Wal-Mart Stores Inc. workers demanding better pay and benefits vow to mount 1,000 protests online and outside stores up to and including Black Friday. The strategy risks showing the company's strength not vulnerability.
To work, the approach will require protest leaders to turn out significant numbers of strikers and persuade deal-chasing shoppers to go elsewhere. Similar protests in recent weeks have had little perceptible impact on the world's largest retailer.
The Black Friday protests are unlikely to be any different, said Zev J. Eigen, an associate professor at Northwestern University School of Law who specializes in labor relations.
“Shoppers in the parking lot will say 'Oh, that's terrible — OK, where do I get my discounted electronics,'” said Eigen, who is based in Chicago. “That's one of the big challenges for the labor movement. We'll sign online petitions, but we won't vote with our wallets.”

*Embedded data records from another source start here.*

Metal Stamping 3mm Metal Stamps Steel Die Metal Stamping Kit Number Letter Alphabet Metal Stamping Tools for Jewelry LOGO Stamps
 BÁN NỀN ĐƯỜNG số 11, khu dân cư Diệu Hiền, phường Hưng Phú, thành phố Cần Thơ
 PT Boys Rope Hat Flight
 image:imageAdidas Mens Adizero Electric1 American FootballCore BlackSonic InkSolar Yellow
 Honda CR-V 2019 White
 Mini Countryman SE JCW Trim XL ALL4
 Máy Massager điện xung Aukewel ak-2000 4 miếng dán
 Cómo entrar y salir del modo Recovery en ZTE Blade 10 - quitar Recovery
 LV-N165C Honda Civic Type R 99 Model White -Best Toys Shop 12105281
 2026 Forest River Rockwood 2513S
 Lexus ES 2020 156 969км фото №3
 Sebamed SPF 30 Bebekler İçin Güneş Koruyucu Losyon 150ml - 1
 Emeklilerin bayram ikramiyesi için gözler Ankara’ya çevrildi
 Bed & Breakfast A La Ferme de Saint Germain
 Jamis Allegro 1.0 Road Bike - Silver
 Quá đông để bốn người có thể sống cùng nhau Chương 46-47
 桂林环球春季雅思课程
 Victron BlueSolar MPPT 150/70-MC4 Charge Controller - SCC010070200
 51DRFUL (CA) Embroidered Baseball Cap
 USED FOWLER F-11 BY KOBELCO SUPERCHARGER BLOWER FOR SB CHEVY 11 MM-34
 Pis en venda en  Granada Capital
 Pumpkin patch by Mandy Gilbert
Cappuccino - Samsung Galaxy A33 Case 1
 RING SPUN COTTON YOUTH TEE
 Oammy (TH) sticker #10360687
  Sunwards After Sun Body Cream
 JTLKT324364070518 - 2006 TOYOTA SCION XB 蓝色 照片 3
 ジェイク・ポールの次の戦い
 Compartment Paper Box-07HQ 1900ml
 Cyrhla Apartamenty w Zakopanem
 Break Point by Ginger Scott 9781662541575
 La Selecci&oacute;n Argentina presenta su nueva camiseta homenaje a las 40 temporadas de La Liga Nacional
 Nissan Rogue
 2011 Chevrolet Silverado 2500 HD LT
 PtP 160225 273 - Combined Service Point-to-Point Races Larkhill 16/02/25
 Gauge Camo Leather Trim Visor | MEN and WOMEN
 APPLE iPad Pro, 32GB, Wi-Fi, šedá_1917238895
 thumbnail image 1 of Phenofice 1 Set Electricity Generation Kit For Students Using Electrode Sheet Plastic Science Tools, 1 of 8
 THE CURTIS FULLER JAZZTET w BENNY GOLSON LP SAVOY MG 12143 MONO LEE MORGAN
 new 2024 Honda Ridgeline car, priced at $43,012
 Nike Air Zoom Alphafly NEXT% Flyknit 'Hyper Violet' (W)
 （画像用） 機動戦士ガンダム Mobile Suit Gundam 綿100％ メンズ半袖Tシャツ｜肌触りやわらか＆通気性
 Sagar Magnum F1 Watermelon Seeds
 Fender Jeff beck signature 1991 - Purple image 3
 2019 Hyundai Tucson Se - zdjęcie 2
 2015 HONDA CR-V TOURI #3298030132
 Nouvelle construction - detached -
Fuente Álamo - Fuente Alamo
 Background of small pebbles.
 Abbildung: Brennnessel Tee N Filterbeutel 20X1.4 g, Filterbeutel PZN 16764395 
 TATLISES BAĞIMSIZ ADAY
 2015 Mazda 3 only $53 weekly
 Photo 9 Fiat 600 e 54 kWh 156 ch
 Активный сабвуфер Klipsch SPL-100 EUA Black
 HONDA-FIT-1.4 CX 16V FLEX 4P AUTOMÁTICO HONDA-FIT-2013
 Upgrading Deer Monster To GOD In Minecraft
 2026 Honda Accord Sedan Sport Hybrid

For years, the United Food & Commercial Workers union has tried and failed to organize Wal-Mart workers. In recent months, the union has adopted a new tactic: backing two groups, OUR Walmart and Making Change at Walmart, and waging a media campaign and mounting protests comprised of activists and Wal- Mart workers at stores and warehouses around the U.S.
The protest organizers have declined to say how many Wal-Mart associates they expect to be involved in the latest round of actions. About 30 workers from six Seattle-area stores went on strike Nov. 15, and others plan to do so, the groups' members have said. Wal-Mart has more than 4,500 stores and clubs and 1.4 million employees in the U.S.
While Eigen compared the movement to “a few drops of food coloring in a giant vat of water,” he added a caveat: “It is significant because Wal-Mart has such a strong reputation of shutting down even the tiniest, tiniest labor actions.”
On an earnings call Nov. 15, Wal-Mart Chief Financial Officer Charles Holley said he was “not aware of any major disruptions that are going to happen Black Friday.”
Still, later that day Wal-Mart fired a warning shot, filing a complaint against the union with the U.S. National Labor Relations Board. Wal-Mart accused the group of violating federal labor laws by inappropriately picketing, demonstrating, trespassing on company property and intimidating customers and employees — or making threats to do those things.
The union has tried to force Wal-Mart to the bargaining table even though it does not officially represent employees, according to the complaint. Wal-Mart asked the board for an investigation and immediate injunction.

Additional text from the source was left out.